Breeden says bondholders claiming fraud can be hampered by Lampf case ruling.

Breeden Says Bondholders Claiming Fraud Can Be Hampered by Lampf Case Ruling

WASHINGTON -- Bondholders who settled fraud claims against the Washington Public Power Supply System might not have collected a penny if a Supreme Court decision limiting the time investors have to file antifraud suits had been in effect at the time, a top federal official said yesterday.

"The massive private WPPSS securities litigation, in which defrauded investors recovered over $750 million, might well have been barred" under the ruling in Lampf v. Gilbertson, Richard C. Breeden, chairman of the Securities and Exchange Commission, told the Senate Banking Committee's Subcommittee on Securities.

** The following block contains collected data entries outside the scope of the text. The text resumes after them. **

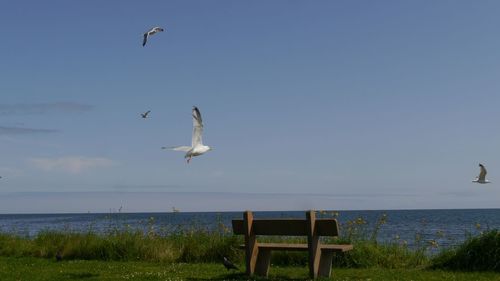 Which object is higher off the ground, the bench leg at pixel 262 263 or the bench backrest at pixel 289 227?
the bench backrest at pixel 289 227

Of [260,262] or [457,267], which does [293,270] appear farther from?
[457,267]

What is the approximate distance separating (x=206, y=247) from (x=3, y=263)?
5633 millimetres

The decision holds that any litigation brought by a private investor under the antifraud provisions of the federal securities laws must be initiated within one year of the discovery of the violation and no more than three years after the violation occurred.

Mr. Breeden's comment on the decision illustrates what lawyers and advocacy groups representing bondholders have been saying since the court decision was handed down in June -- that it will severely limit the ability of municipal bond investors to bring future suits and hamper existing litigation.

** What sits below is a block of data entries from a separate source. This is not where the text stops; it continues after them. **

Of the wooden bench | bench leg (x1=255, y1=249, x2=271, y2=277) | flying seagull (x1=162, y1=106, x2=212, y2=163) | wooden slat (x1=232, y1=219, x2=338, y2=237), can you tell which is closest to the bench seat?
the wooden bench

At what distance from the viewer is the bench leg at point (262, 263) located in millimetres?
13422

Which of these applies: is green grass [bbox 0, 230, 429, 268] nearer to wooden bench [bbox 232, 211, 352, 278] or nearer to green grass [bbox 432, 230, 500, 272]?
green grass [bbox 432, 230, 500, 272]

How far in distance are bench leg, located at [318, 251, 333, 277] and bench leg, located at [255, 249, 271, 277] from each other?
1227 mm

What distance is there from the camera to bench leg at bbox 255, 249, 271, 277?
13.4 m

During his testimony, Mr. Breeden also reiterated the commission's support for pending legislation that would overturn the ruling by giving investors two years to file suit after discovering fraud and set an outer limit of five years after the violation occurred to bring a suit.

"The commission believes that the three-year period established by Lampf is unrealistically short," Mr. Breeden said in his prepared statement.

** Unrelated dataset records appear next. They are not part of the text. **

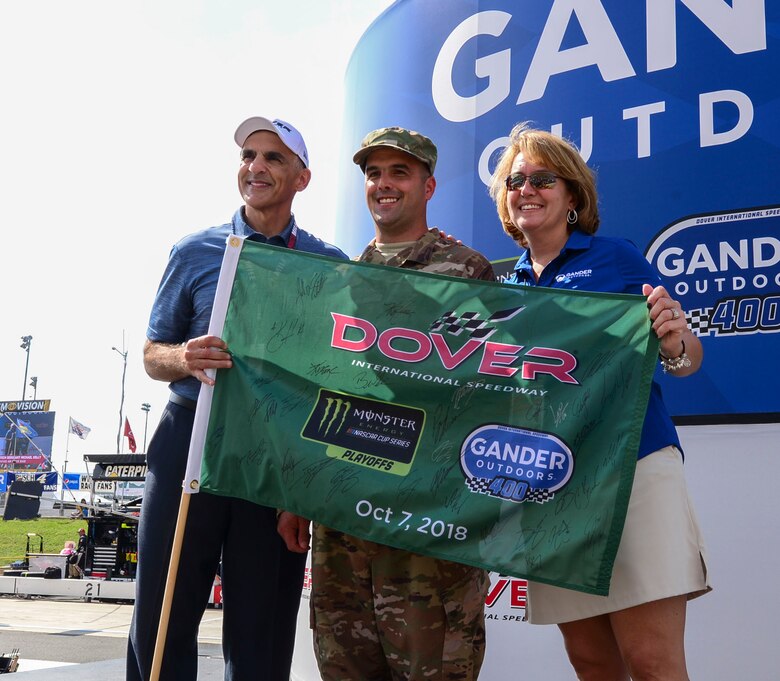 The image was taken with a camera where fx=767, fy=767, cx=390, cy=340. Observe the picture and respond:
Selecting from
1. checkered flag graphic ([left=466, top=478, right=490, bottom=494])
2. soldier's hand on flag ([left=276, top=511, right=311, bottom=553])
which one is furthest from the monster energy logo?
checkered flag graphic ([left=466, top=478, right=490, bottom=494])

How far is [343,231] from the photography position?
5133 millimetres

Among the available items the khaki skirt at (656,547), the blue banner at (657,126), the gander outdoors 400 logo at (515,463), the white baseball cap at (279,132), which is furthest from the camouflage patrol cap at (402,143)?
the blue banner at (657,126)

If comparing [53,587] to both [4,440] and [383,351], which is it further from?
[4,440]

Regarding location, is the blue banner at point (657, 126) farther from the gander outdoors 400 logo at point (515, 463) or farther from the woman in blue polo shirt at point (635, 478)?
the gander outdoors 400 logo at point (515, 463)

Under questioning by subcommittee members, he added that in financial fraud cases, "investors don't realize until many years down the road" that they have been the victim of a fraudulent deal. "It has often taken the SEC more than three years" to detect fraud, build a case, and pursue the principals in the case, he added.

The SEC is exempt from the limits in the court decision and the legislation. But if it had been forced to conform to those limits, "approximately one half of the case against Drexel Burnham, a large part of the Equity Funding case, and all of the case against E.F. Hutton for check-kiting would have been barred from the courthouse," Mr. Breeden said.

The legislation to overturn the decision, introduced by Sen. Richard Bryan, D-Nev., and Rep. Edward Markey, D-Mass., would strike a balance between competing interests, Mr. Breeden said. Congress needs to "discourage the litigation of stale claims," but also needs to ensure "that defrauded investors have a meaningful opportunity to enforce their rights against intentional securities law violators."

Mr. Breeden's testimony came on the heels of news reports that Vice President Dan Quayle had asked to review the SEC chairman's statement after hearing from business groups that oppose the legislation. The reports said the vice president did not ask Mr. Breeden to water down his strong endorsement of the bill.

Sen. Bryan, who chaired the hearing in the absence of subcommittee Chairman Sen. Christopher Dodd, D-Conn., said Sen. Dodd plans to send a letter to the White House asking the Bush administration to clarify its position on the legislation. Mr. Breeden told reporters after his appearance that the administration has not taken a position.

He also said he did not see anything unusual in the vice president's desire to review the testimony and added that his statements often are reviewed by various administration officials. When asked whether he felt any undue pressure from Mr. Quayle to change his testimony, Mr. Breeden said, "None whatsoever."

Another witness, Securities Industry Association President Edward I. O'Brien, said his group is concerned that Congress is moving too quickly on the issue, reacting to a single court decision, rather than taking time to examine all sides of the issue.

"The committee should not consider the statute of limitations question in isolation," Mr. O'Brien said. "The committee should examine the entire [fraud section] and refocus it so that injured parties obtain the greatest relief possible and that innocent parties are spared as much as possible from the burdens of litigation that are meant for those who actually violate our securities laws."